The Greening of a Royal Wedding
Just how green was the Royal Wedding? While, the carbon footprint produced by Prince William and Kate Middleton's wedding last Friday was surely giant — think of the resources used and the thousands of people traveling to be there — at least the royal couple made some attempts to minimize their impact and give a nod to eco-friendly themes.
Prince William and his bride chose seasonal flowers and locally grown food, among other earth friendly wedding materials. And facilities were powered in part by renewable energy. All documents were printed on recycled paper and using FSC-certified wood and scaffolding in the building of the media stands. The carbon emissions of the wedding were also offset as part of the royal household's annual carbon footprinting exercise.
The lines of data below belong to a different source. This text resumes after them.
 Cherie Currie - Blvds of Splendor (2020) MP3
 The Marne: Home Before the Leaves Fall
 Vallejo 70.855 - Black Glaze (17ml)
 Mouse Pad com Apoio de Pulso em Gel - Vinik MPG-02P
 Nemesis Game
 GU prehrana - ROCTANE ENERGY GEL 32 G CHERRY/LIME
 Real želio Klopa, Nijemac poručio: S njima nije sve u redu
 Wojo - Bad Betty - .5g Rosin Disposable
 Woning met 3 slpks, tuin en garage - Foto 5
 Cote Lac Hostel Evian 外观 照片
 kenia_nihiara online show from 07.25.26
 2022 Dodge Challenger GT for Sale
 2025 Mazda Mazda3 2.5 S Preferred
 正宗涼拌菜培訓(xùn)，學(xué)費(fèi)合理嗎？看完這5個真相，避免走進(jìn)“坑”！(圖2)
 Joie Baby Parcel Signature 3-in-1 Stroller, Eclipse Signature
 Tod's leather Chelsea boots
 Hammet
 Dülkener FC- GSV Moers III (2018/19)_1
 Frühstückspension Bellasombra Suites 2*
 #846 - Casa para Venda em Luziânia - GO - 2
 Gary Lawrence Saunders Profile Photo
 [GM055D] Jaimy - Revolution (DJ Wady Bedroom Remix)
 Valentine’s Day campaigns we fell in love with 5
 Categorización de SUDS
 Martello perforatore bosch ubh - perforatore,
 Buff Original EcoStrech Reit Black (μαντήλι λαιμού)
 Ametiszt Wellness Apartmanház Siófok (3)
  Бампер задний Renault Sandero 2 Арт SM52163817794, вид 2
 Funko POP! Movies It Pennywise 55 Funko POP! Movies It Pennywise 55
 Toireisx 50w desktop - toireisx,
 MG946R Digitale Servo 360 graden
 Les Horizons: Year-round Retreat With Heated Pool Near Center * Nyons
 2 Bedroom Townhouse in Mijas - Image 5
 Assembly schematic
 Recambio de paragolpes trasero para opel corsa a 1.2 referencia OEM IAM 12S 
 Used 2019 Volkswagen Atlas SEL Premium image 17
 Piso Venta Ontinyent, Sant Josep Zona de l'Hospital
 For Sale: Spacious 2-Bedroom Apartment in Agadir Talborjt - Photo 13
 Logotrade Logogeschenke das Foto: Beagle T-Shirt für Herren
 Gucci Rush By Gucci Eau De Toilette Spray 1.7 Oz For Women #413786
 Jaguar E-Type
The 1,500 guests dined on sustainably sourced food and drink, and Kate chose azaleas and lilacs among many other local, seasonal flowers, and during the ceremony at Westminster Abbey, the couple walked down an avenue of trees, which have been replanted at the Prince of Wales Highgrove Estate.
Finally, the adorable Aston Martin that the couple drove off in, had been converted to run on 100 per cent bioethanol fuel distilled from surplus British wine in 2008.
All of this will surely not offset the carbon impacts of the entire affair. But still it’s good to see the royals are setting an example at this highly watched event, though not so surprising given Prince Charles' environmental record.